Digest:         A judge who must disqualify him/herself in criminal cases because he/she is the District Attorney’s 4th degree relative, nevertheless may preside when a defendant who previously has been arraigned thereafter appears in the judge’s court without representation and requests an adjournment to secure representation, as long as the judge will grant the adjournment.


Rules:          22 NYCRR 100.2; 100.2(A); 100.3(E)(1); Opinion 07-216.


         A judge who is disqualified in criminal cases because he/she is a 4th degree relative of the District Attorney asks whether he/she may preside when a defendant who has been arraigned and is scheduled to thereafter appear before the judge with counsel, instead appears without counsel and asks for additional time to secure counsel. The judge advises that when the defendant appears, he/she will not adjust or fix bail, address the conditions of the defendant’s release, or change or issue an order of protection.

         A judge must avoid impropriety and its appearance (see 22 NYCRR 100.2) and must act at all times in a manner to promote public confidence in the judiciary’s integrity and impartiality(see 22 NYCRR 100.2[A]). Therefore, a judge must disqualify him/herself in any proceeding where the judge’s impartiality might reasonably be questioned (see 22 NYCRR 100.3[E][1]).

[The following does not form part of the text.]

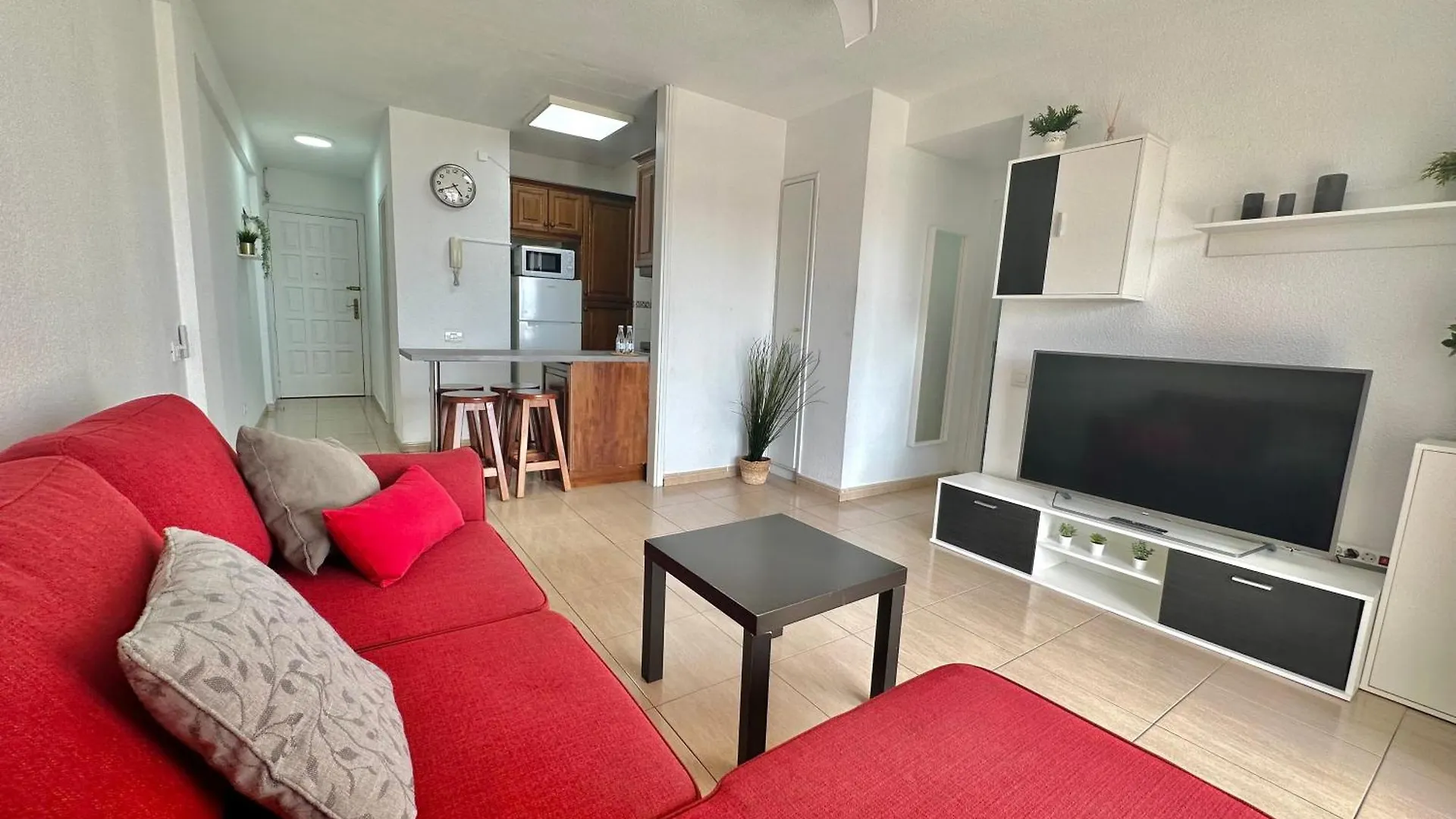 Sunbeach Apartment Arona  0*, Arona (Tenerife)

         In Opinion 07-216, the Committee advised the same judge that he/she must disqualify him/herself in all matters where the District Attorney or a member of the District Attorney’s staff appears, but that his/her disqualification is subject to remittal except in ex parte matters (such as arraignments and search warrant applications) and when a party appears without representation.

         Nevertheless, the Committee believes the judge may preside under the circumstances he/she describes, only after the judge advises the defendant of his/her relationship to the District Attorney and only if the judge will grant the adjournment. Granting an adjournment to allow a defendant more time to secure representation is essentially a ministerial act, and disqualification in such circumstances would not serve defendant’s best interests but instead would only inconvenience him/her.

         The Committee emphasizes that the inquiring judge may preside only when a defendant who already has been arraigned appears without counsel and requests an adjournment to secure counsel. And, the Committee believes it advisable for the judge to make a complete record of the defendant’s appearance. The judge may take no other action that would affect the defendant’s case. If a particular case requires any other decision beyond the adjournment, the judge must disqualify him/herself.

         Also, the Committee recommends that the inquiring judge notify his/her Administrative Judge that he/she is the District Attorney’s 4th degree relative.